[Brief descriptive captions]
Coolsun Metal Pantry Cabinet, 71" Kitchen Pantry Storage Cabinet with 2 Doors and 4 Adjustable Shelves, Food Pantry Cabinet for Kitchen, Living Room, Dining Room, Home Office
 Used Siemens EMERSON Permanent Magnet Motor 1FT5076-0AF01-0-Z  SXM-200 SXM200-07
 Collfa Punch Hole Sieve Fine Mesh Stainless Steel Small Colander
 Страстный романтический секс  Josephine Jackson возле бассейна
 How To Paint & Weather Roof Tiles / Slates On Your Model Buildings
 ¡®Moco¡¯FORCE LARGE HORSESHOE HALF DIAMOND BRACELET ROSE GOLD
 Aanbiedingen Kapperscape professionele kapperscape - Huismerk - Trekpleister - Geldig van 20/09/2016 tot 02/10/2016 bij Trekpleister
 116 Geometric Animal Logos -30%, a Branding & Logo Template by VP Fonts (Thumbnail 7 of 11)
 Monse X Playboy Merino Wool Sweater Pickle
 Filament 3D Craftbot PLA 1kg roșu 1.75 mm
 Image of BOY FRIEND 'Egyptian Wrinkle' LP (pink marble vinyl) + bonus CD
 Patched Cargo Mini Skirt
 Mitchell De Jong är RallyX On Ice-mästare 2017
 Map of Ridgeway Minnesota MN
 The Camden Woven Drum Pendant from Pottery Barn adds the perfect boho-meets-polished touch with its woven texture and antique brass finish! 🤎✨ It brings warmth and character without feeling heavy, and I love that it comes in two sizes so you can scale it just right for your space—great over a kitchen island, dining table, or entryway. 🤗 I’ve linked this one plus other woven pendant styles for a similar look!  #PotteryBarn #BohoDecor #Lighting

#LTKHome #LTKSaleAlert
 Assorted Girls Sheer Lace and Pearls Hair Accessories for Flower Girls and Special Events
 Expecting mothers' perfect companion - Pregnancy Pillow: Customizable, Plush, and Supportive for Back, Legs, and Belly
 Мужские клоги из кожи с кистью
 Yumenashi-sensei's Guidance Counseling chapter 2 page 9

■ Your instructions ■
In the entries above, please find the line with "How To Paint" and the line with "Aanbiedingen Kapperscape professionele", then write out exactly those two lines and every line between them, and nothing more.

■ Result for this exercise ■
 How To Paint & Weather Roof Tiles / Slates On Your Model Buildings
 ¡®Moco¡¯FORCE LARGE HORSESHOE HALF DIAMOND BRACELET ROSE GOLD
 Aanbiedingen Kapperscape professionele kapperscape - Huismerk - Trekpleister - Geldig van 20/09/2016 tot 02/10/2016 bij Trekpleister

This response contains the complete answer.